Ryan Patrick Dolan is a second year MFA Candidate in the Ohio University Playwriting Program under Charles Smith and Erik Ramsey. He has a B.A. in playwriting from Columbia College Chicago where he studied under playwright, Lisa Schlesinger. He writes dark, comedic plays that explore love and loss, passion and destruction. Stylistically influenced by his years of improvisation, acting, and the Chicago Storefront aesthetic, he challenges the American stereotypes of gender, race, and sexuality.

Dolan’s play, “Daddy’s Little Girls,” was named a National Semifinalist for the Kennedy Center American College Theater Festival’s 10-minute play competition, the THE GARY GARRISON AWARD FOR OUTSTANDING TEN-MINUTE PLAY. In conjunction with KCACTF, “Daddy’s Little Girls” also garnered him one of the eight, nationwide nominations for the National Partners of American Theatre Playwriting Award which recognizes “best-written, best-crafted script with the strongest writer’s “voice.””  His full-length play,“Moraine,” had a reading at the 2014 Seabury Quinn Jr. Playwrights Festival at Ohio University, and at the Trellis Reading Series at the Greenhouse Theater Center. Moraine is being produced at CIC Theater this March and April in Chicago, and is being directed by Mary Rose O’Connor.

Dolan produced four one-act plays written by three other Ohio University playwrights and himself called “10-4: The Truck Stop Plays” at CIC Theater in Chicago in the Summer of 2014. Dolan’s one-act “Burger King,” was directed by Ashley Neal.  Ryan’s play “The Peace of Westphalia” was awarded the first-ever workshop production in the playwriting program at Columbia College. His ten-minute plays have been produced by American Theater Company, and Brown Couch Theater.
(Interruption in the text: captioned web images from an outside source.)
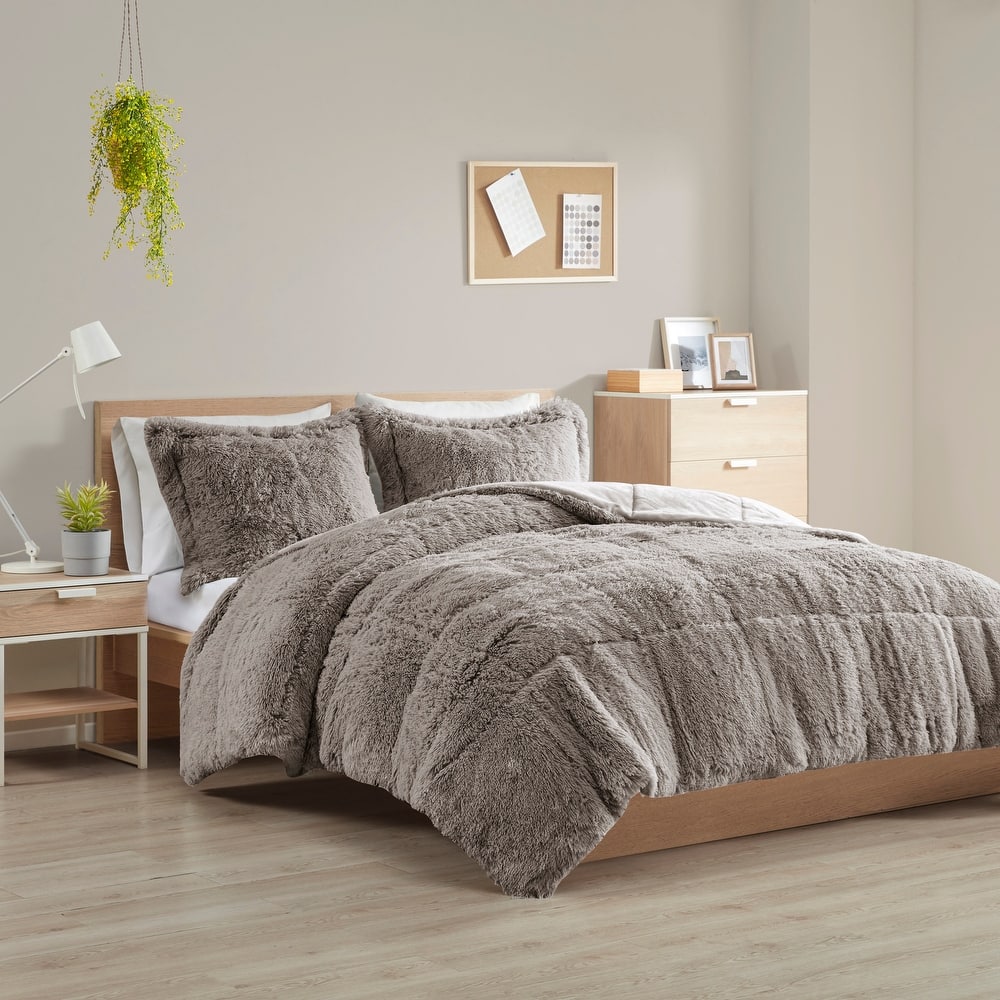 Intelligent Design Leena Shaggy Long Fur Comforter Mini Set
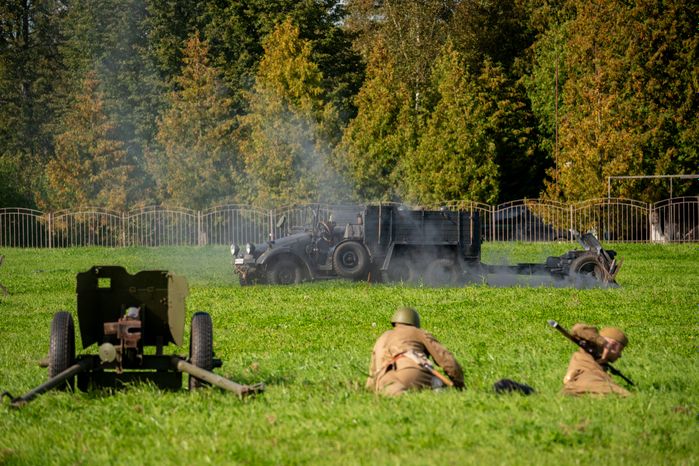 Идет бой в военно-исторической реконструкции Битвы за Москву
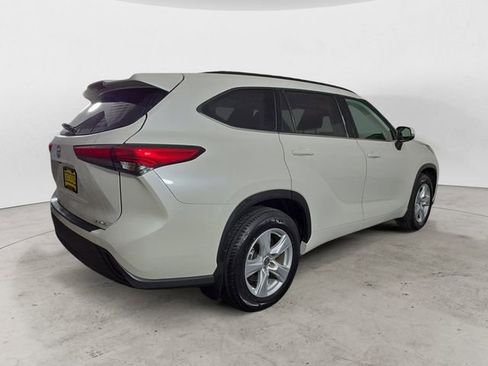 Used 2021 Toyota Highlander LE image 5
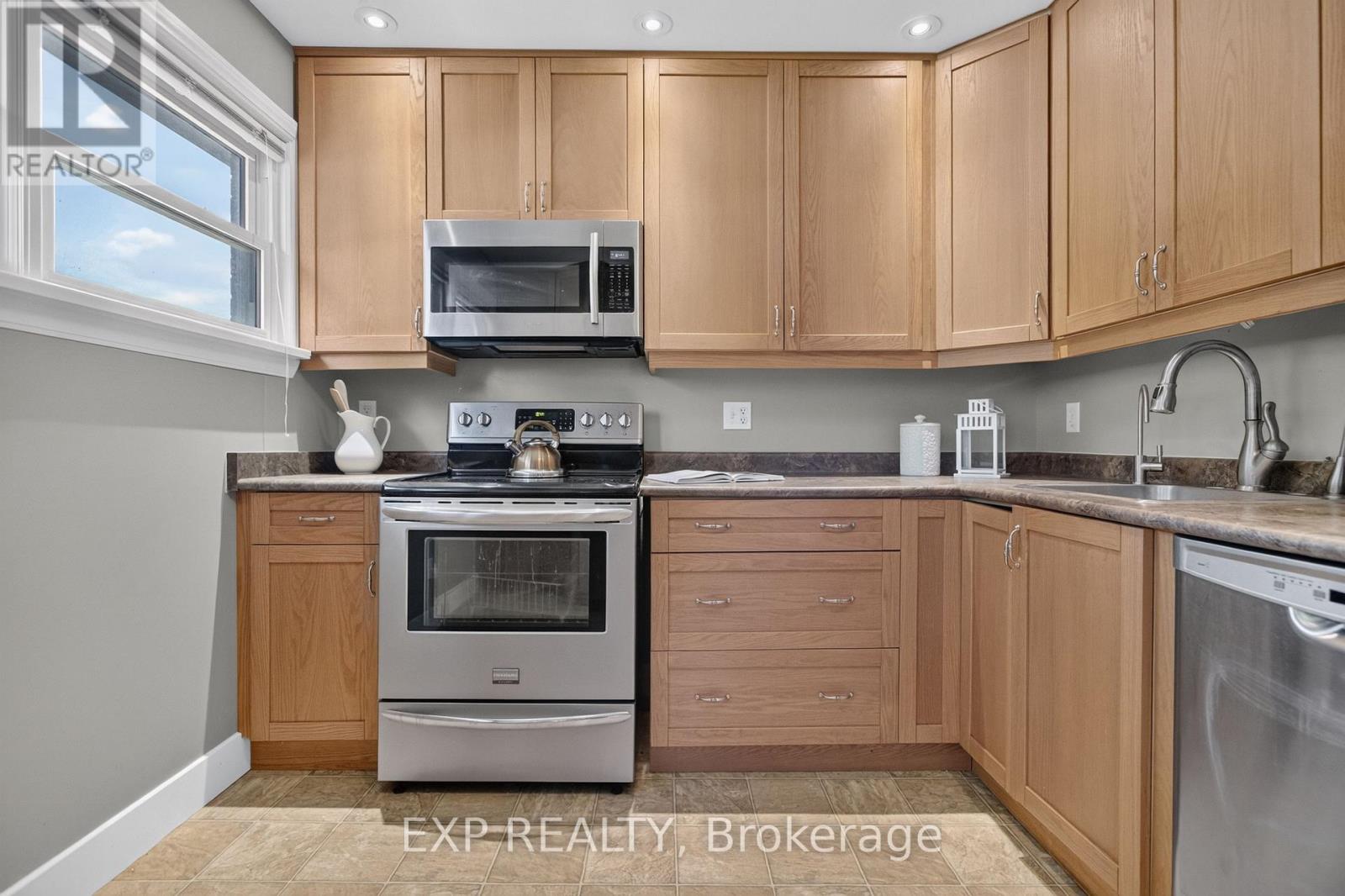 531 Philip Crescent, Cambridge, Ontario  N3H 2R4 - Photo 21 - X13547348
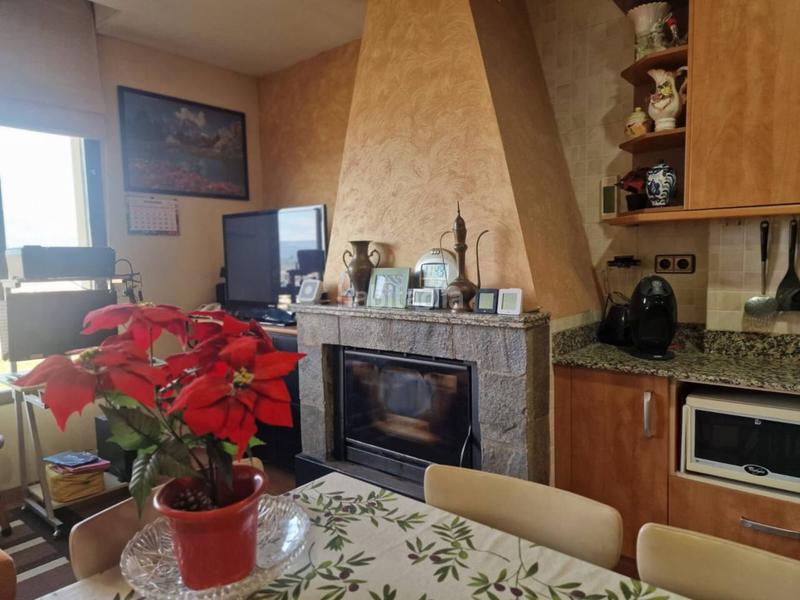 Foto 191bc1db-0818-4ac8-93d8-7d857819b2db. Casa amb calefacció aparcament a Barri Mion - Puigberenguer Manresa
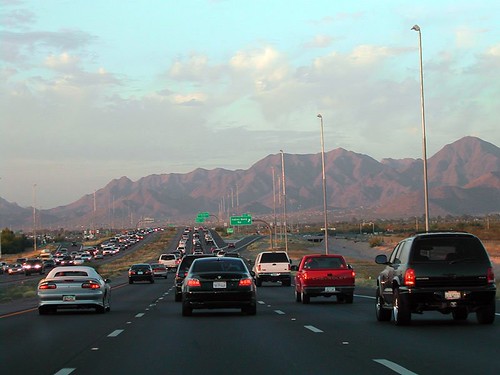 evening commute in Phoenix (by: Octavio Heredia, creative commons license)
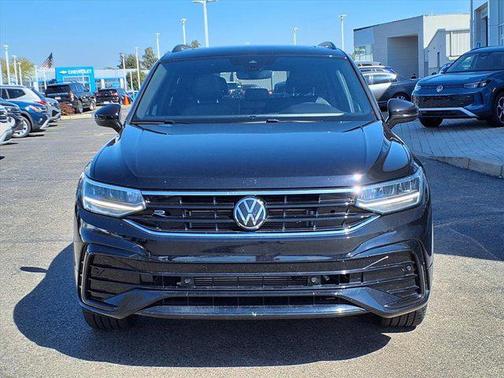 2024 Volkswagen Tiguan 2.0T SE R-Line Black 4MOTION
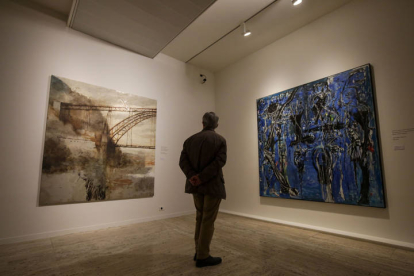Un visitante observa obras de la exposición 'Pintura escrita'.
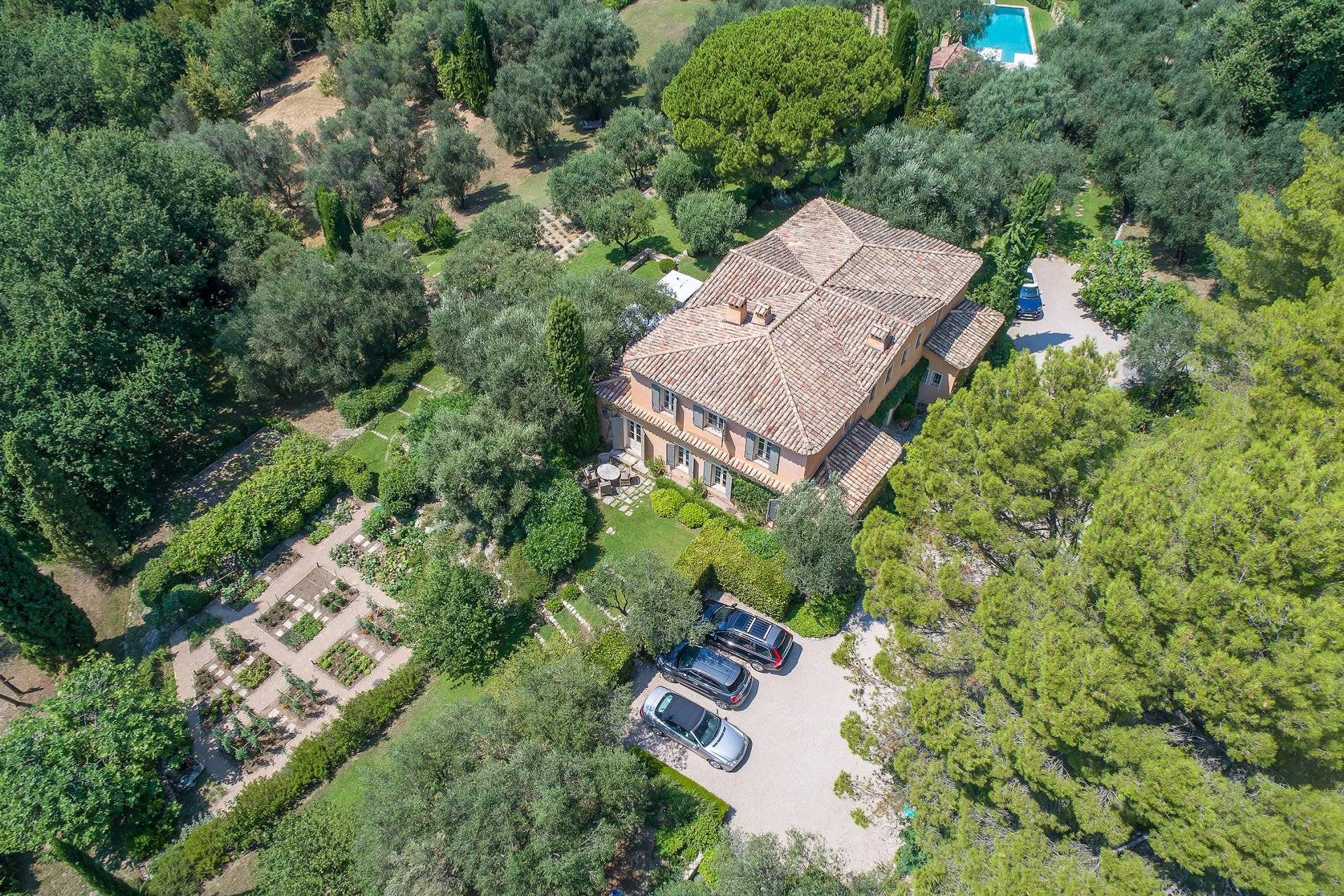 Hus i Châteauneuf-Grasse, Provence-Alpes-Côte d'Azur 10936338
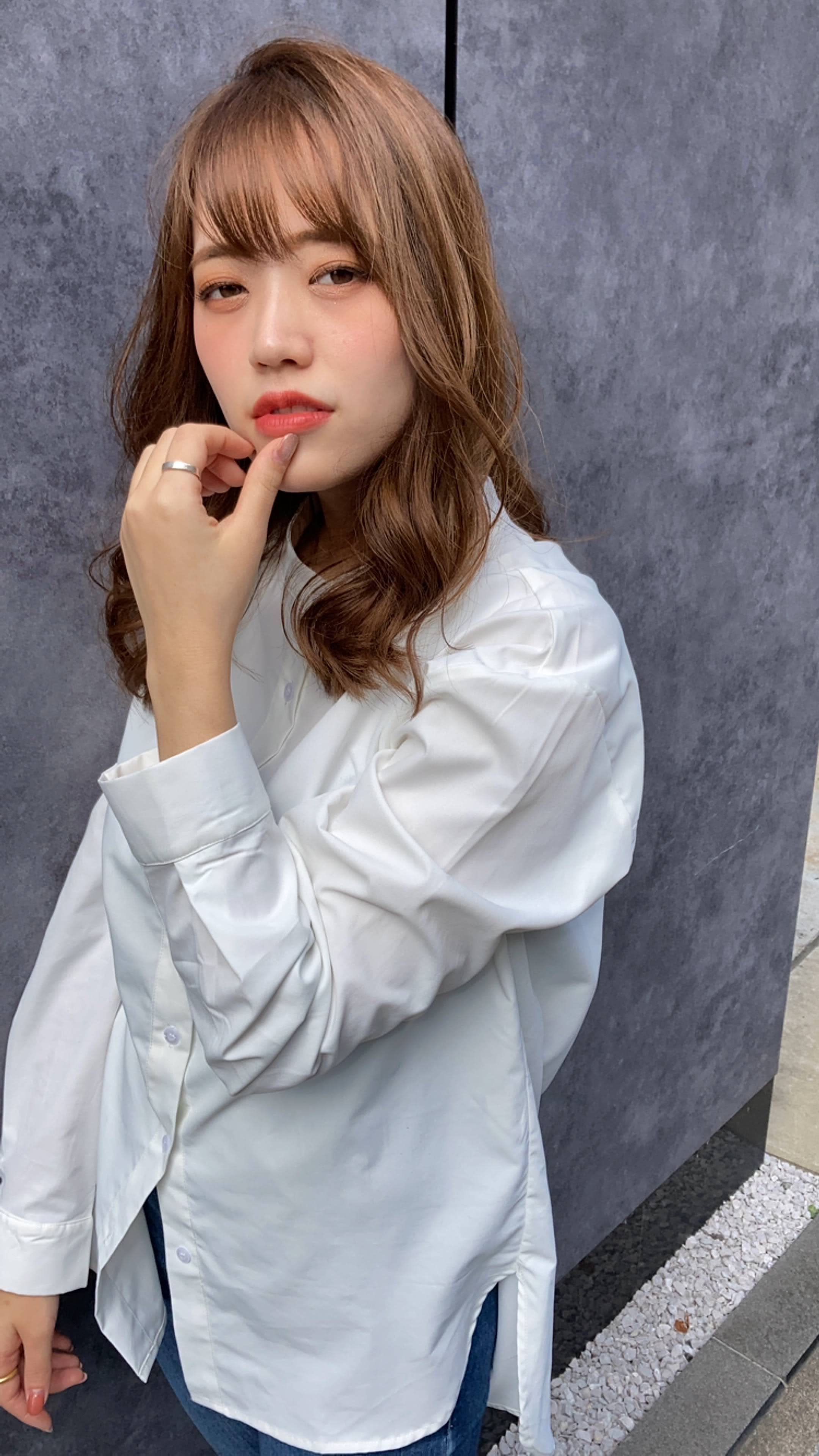 yoyo【ヨヨ】のスタイル紹介。くびれレイヤーロング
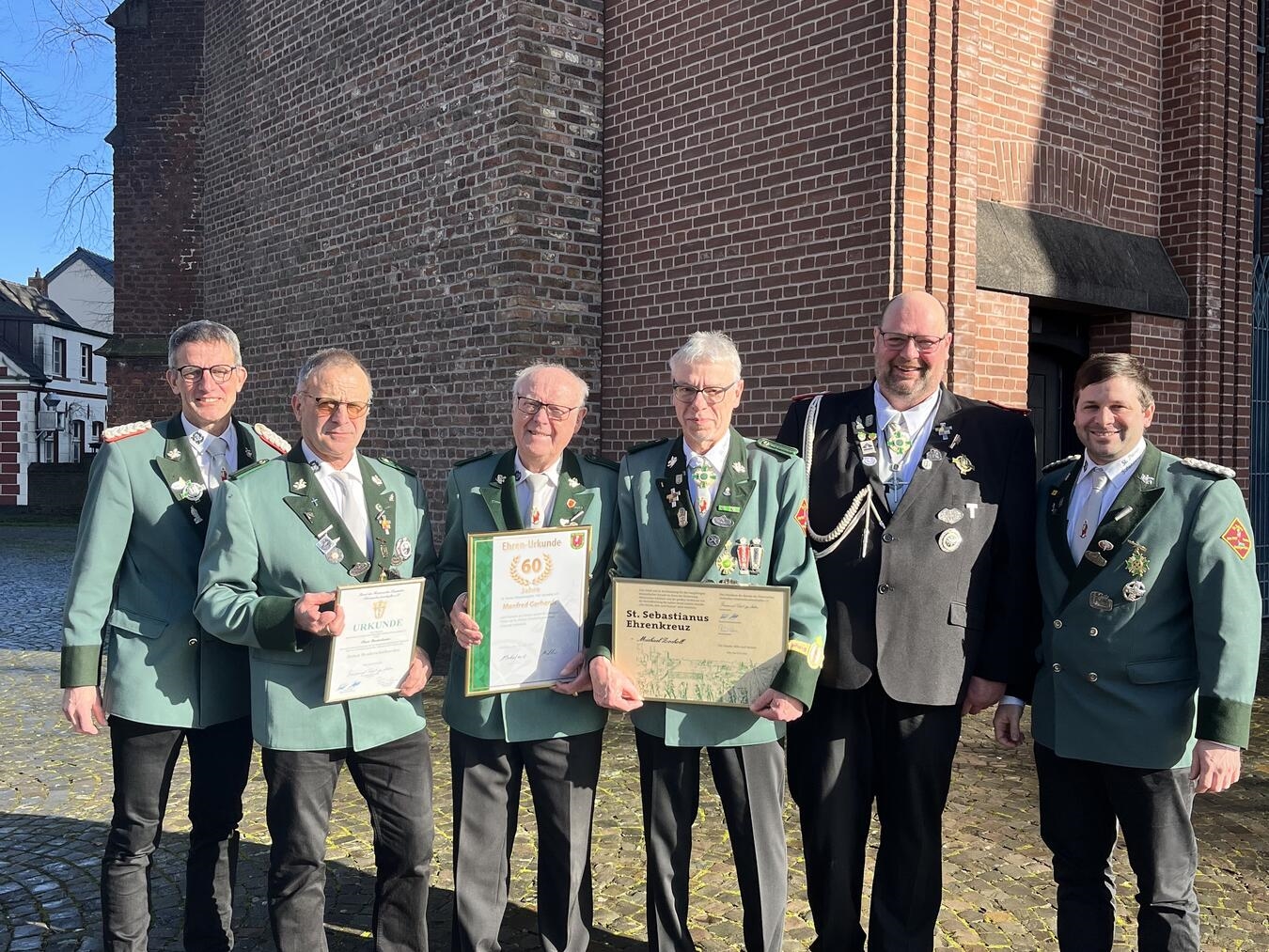Zum Patronatsfest wurden drei langjährige Mitglieder der Gilde geehrt: Manfred Gerhards für seine 60-jährige Treue zum Verein, Theo Boetselaars mit dem Hohen Bruderschaftsorden für seinen stetigen Einsatz bei allen organisatorischen Angelegenheiten und Michael Zocholl mit dem St. Sebastianus Ehrenkreuz für seine außerordentliche Leistung im Schießsport in den vergangenen 30 Jahren. Das Foto zeigt (v. l. n. r.) Markus Boetselaars, Theo Boetselaars, Manfred Gerhards, Michael Zocholl, Jürgen Kisters und Lukas Boetselaars.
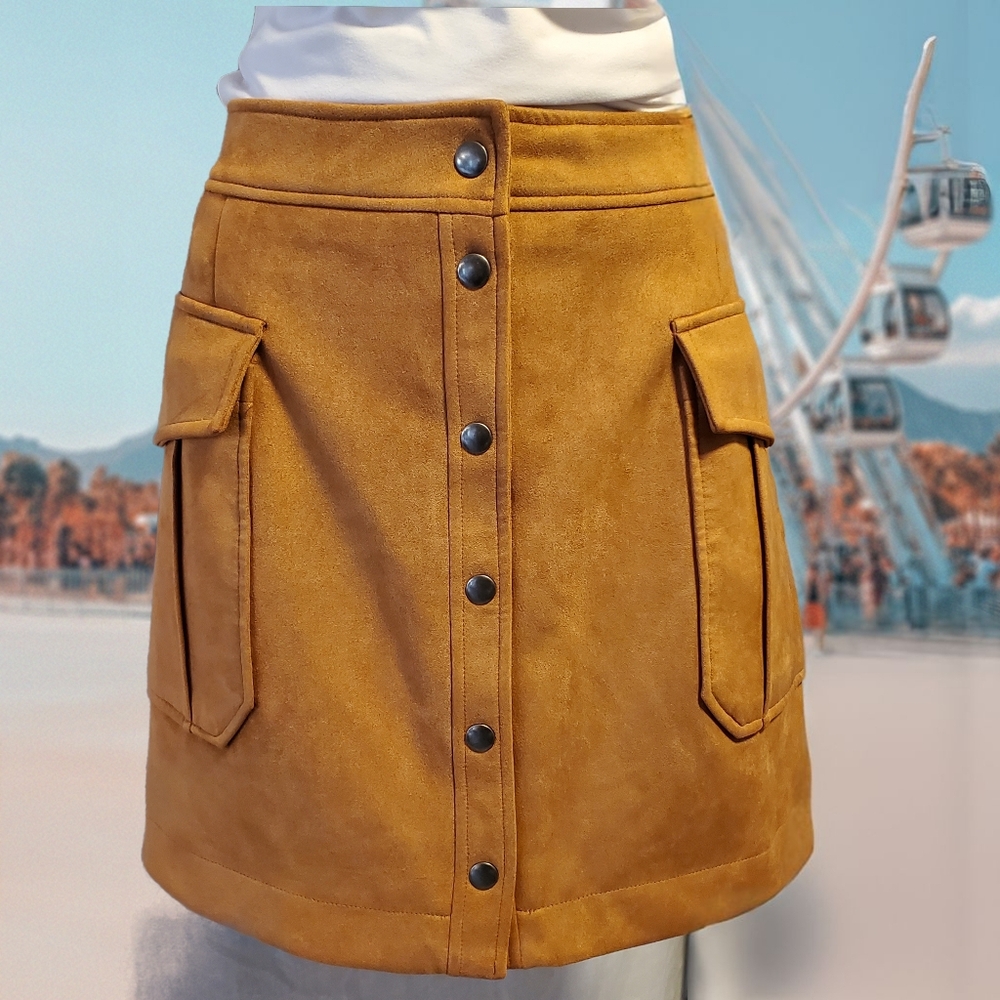 Joe Fresh Faux Suede Mini‎ Skirt Camel Button Front Pocket Detail Size 8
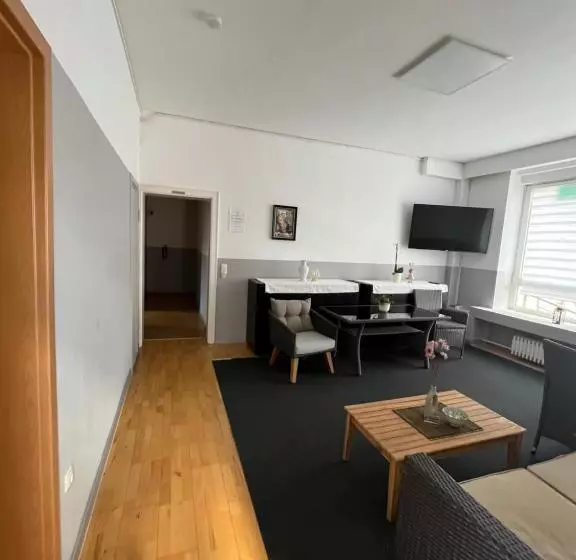 ペンション Doppelzimmer Mit Bad Und Tv 18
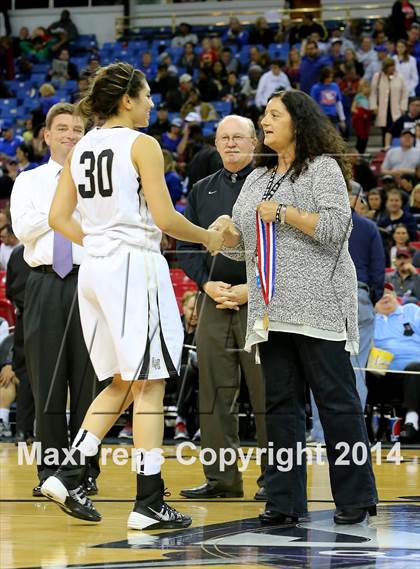 Thumbnail 3 in Chaminade vs Archbishop Mitty (CIF State D2 Final) photogallery.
Ryan was the dramaturg at RedTwist theater for Kimberly Senior’s production of “The Pillowman,” and Keira Fromm’s production of “The Lobby Hero.” Both were nominated for Jeff Awards for “Best Play” and “Best Director.” Ryan is also a 12-year veteran of the Chicago improv scene. He has primarily improvised at iO and Annoyance Theaters, but also has performed and taught workshops at numerous festivals and universities around the country with his groups Revolver and Pudding-Thank-You. He also teaches workshops to Ohio University’s improv group, “Black Sheep.” His acting credits include productions at Steppenwolf Theater’s “Next Up” series, TimeLine Theater, Collaboraction, Strawdog, and Wildclaw Theater.